(What the task asks)
Find the line below with "Image result for Disa baurii" and the line with "bulldog-ingles-filhote-valor". Output them and the lines between, exactly, but not the pictures.

(Exercise data)
________________________

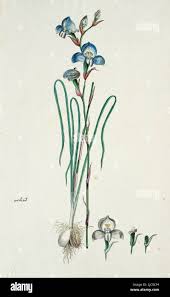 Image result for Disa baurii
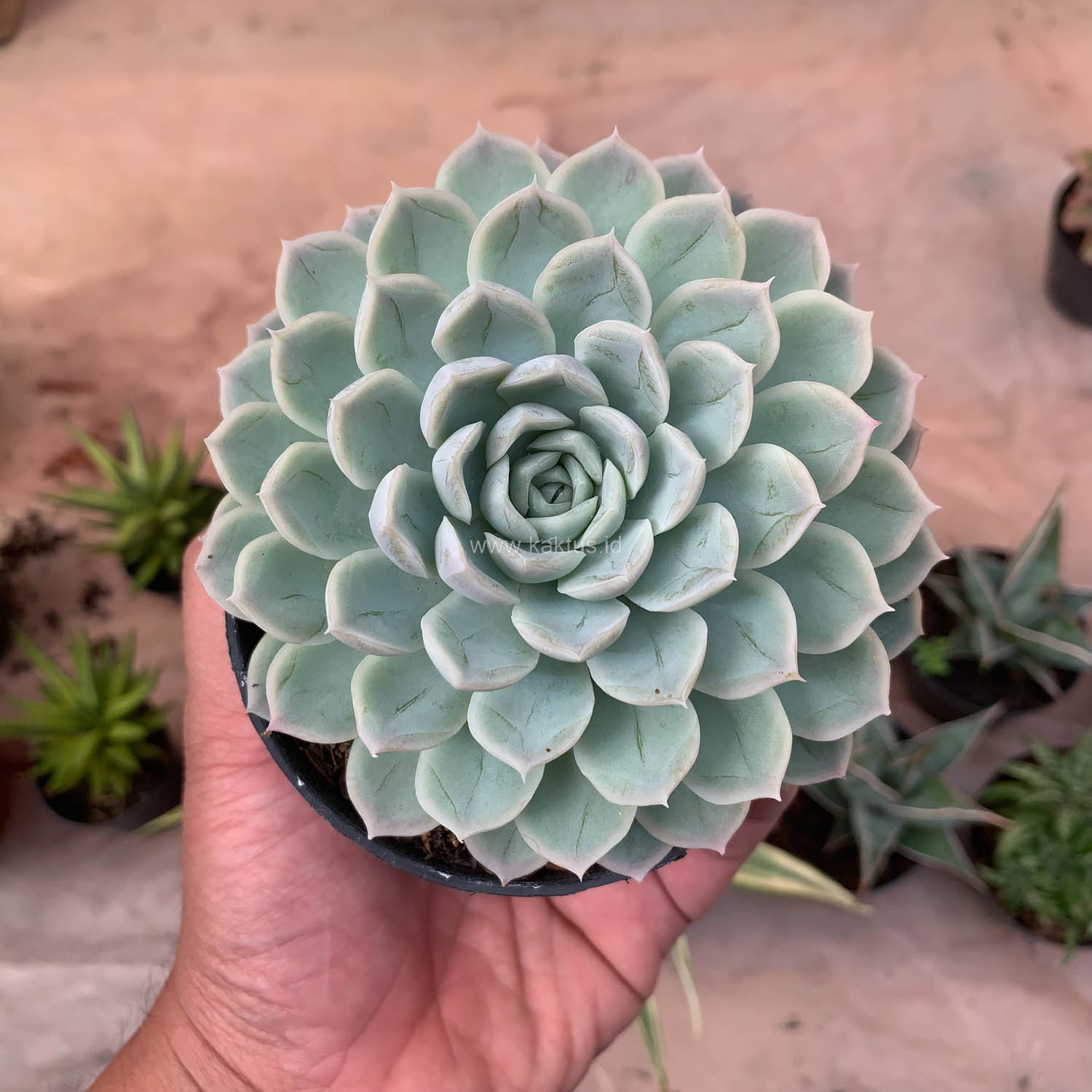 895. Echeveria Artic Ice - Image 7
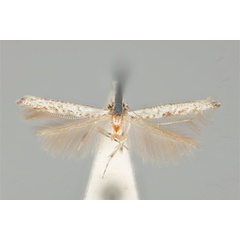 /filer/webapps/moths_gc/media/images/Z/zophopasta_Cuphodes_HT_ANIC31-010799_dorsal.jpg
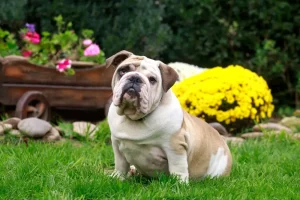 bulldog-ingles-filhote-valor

________________________

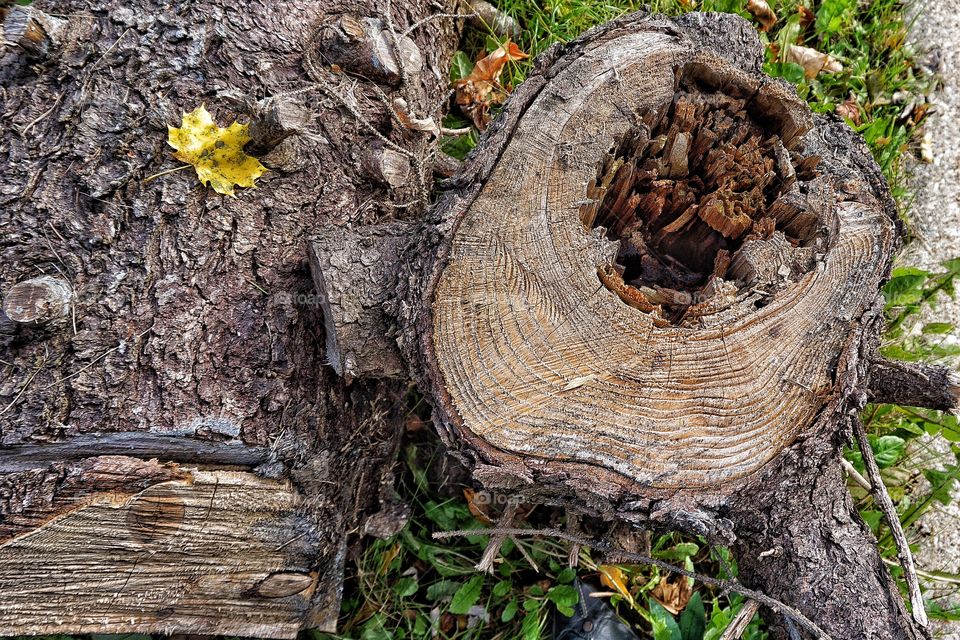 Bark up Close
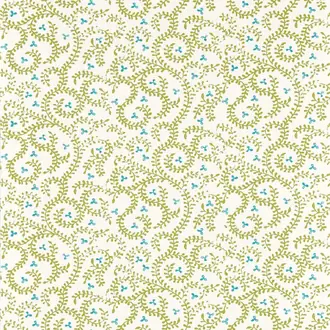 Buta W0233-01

________________________

(Completed exercise)
 Image result for Disa baurii
 895. Echeveria Artic Ice - Image 7
 /filer/webapps/moths_gc/media/images/Z/zophopasta_Cuphodes_HT_ANIC31-010799_dorsal.jpg
 bulldog-ingles-filhote-valor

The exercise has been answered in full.